-------- Material supplied --------

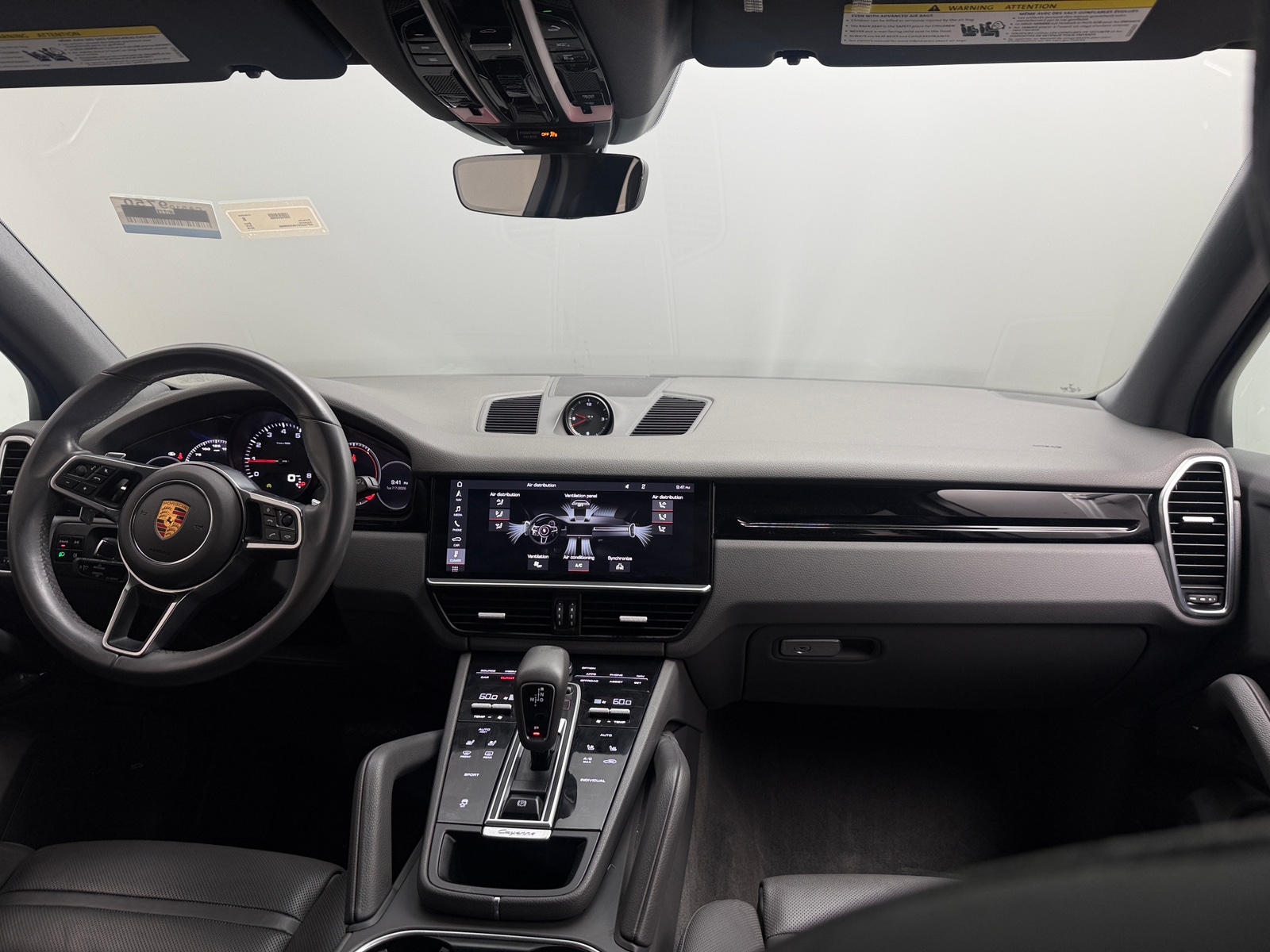 Thumbnail: 2019 Porsche Cayenne - 2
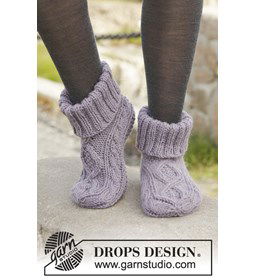 Gebreide sloffen gemaakt van Drops Nepal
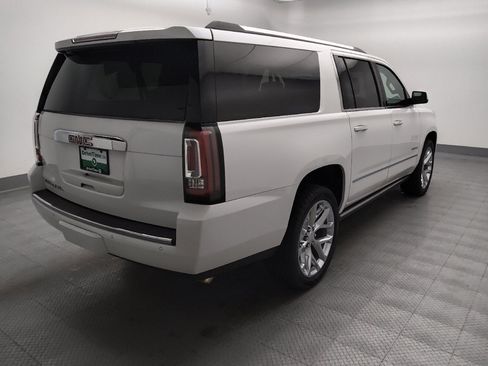 Used 2017 GMC Yukon XL Denali w/ Open Road Package AWD/4WD image 9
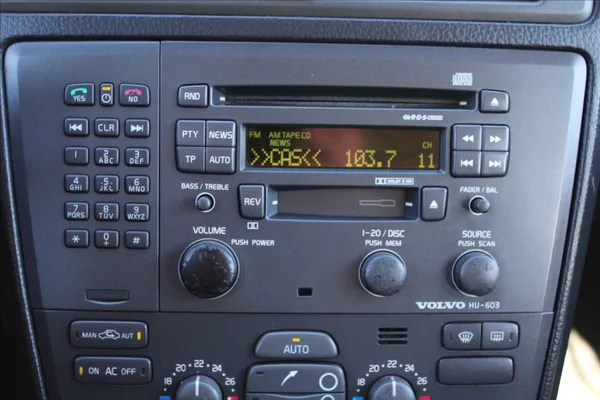 Volvo V70 2,4 D NOVÉ V ČR,1.MAJITEL - foto 11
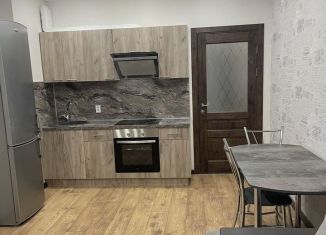 Сдача в аренду трехкомнатной квартиры, 68 м2, Курск, улица Энгельса, 115/3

--------

» Work instruction
Each entry above is to be written out exactly. The pictures stay out.

» Result below
 Thumbnail: 2019 Porsche Cayenne - 2
 Gebreide sloffen gemaakt van Drops Nepal
 Used 2017 GMC Yukon XL Denali w/ Open Road Package AWD/4WD image 9
 Volvo V70 2,4 D NOVÉ V ČR,1.MAJITEL - foto 11
 Сдача в аренду трехкомнатной квартиры, 68 м2, Курск, улица Энгельса, 115/3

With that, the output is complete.